● EXERCISE DATA
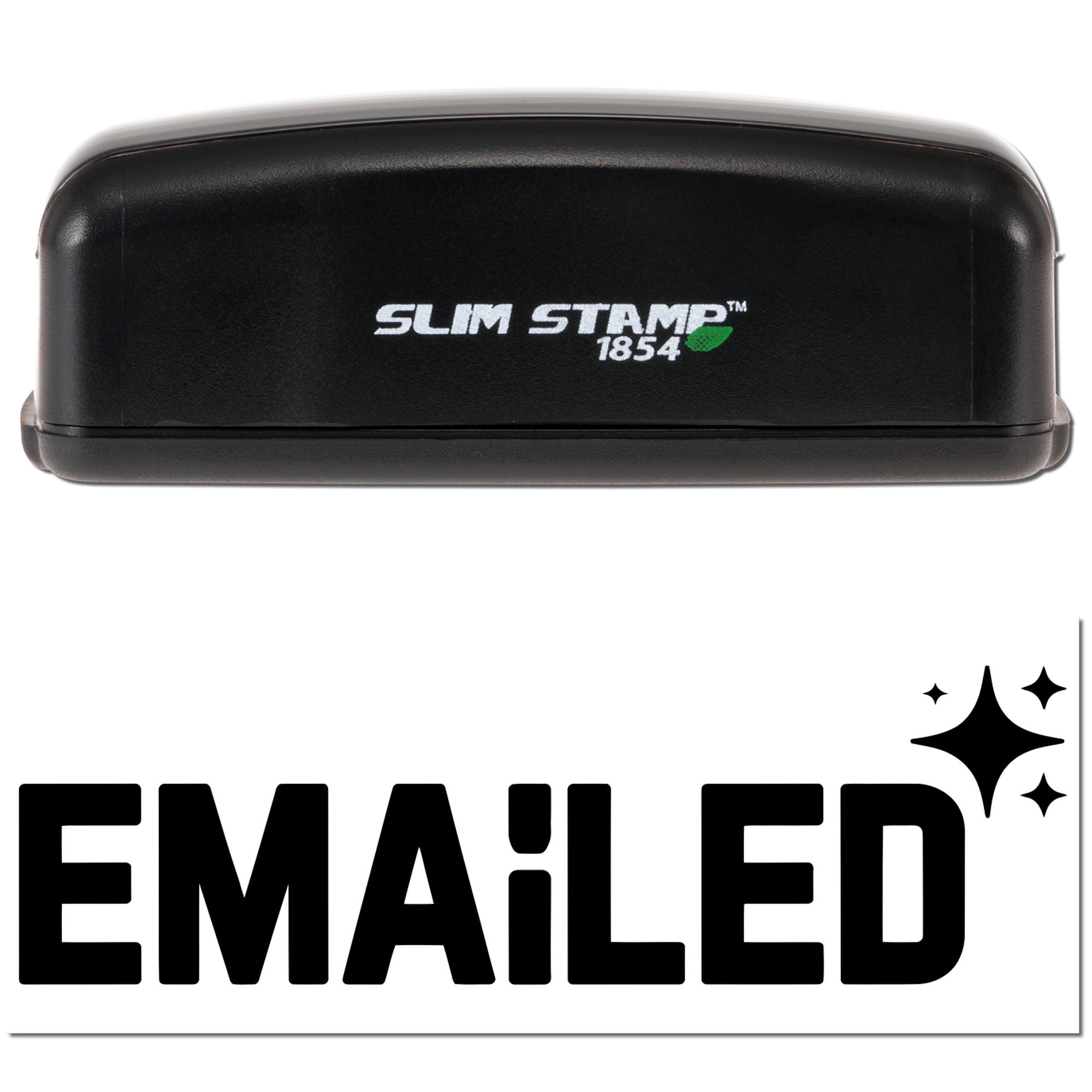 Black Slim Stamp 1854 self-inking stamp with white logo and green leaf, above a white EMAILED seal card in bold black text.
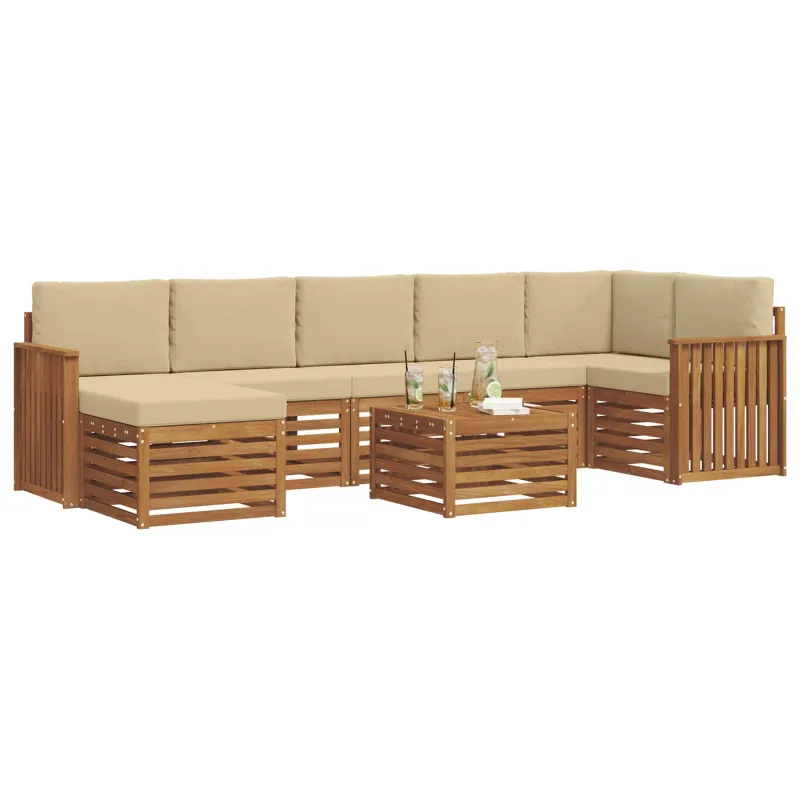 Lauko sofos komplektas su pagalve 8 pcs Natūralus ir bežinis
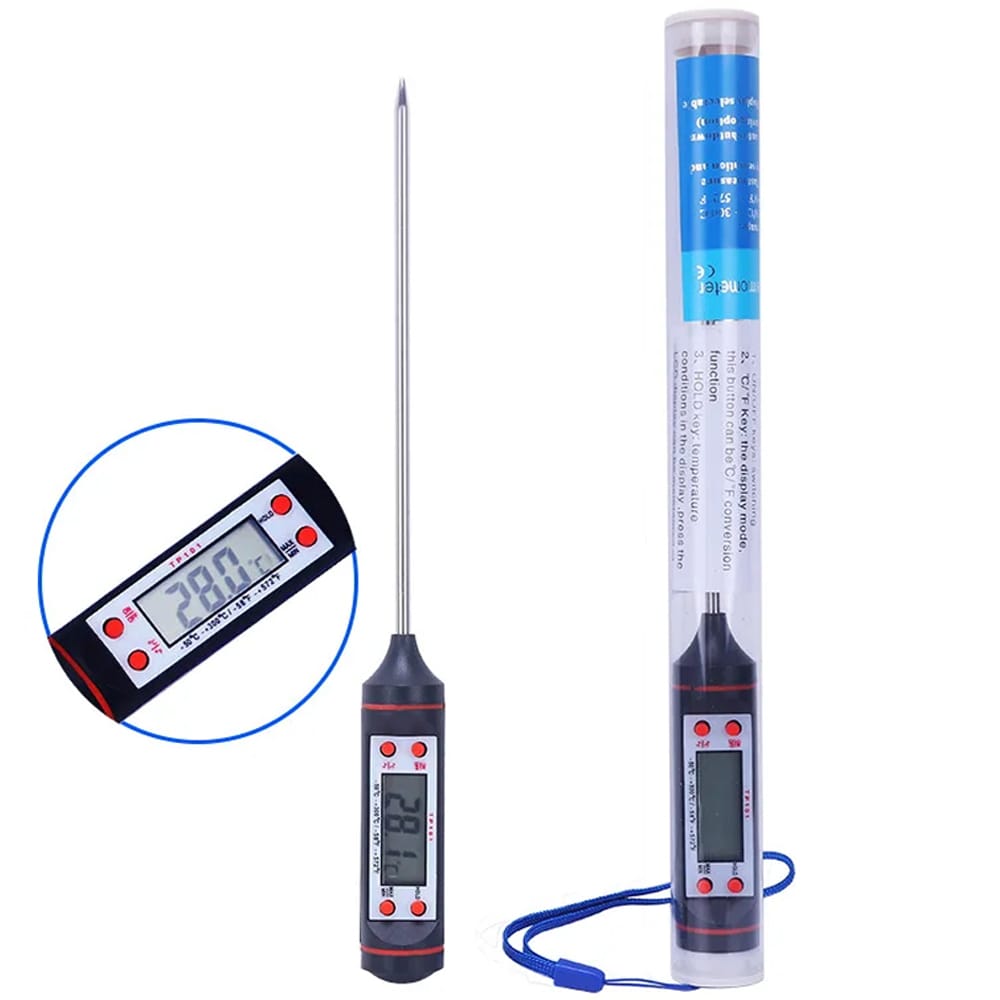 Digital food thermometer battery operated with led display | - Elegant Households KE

● WORK TO BE COMPLETED
Send back the data above word for word, with the pictures left out.

● OUTPUT
 Black Slim Stamp 1854 self-inking stamp with white logo and green leaf, above a white EMAILED seal card in bold black text.
 Lauko sofos komplektas su pagalve 8 pcs Natūralus ir bežinis
 Digital food thermometer battery operated with led display | - Elegant Households KE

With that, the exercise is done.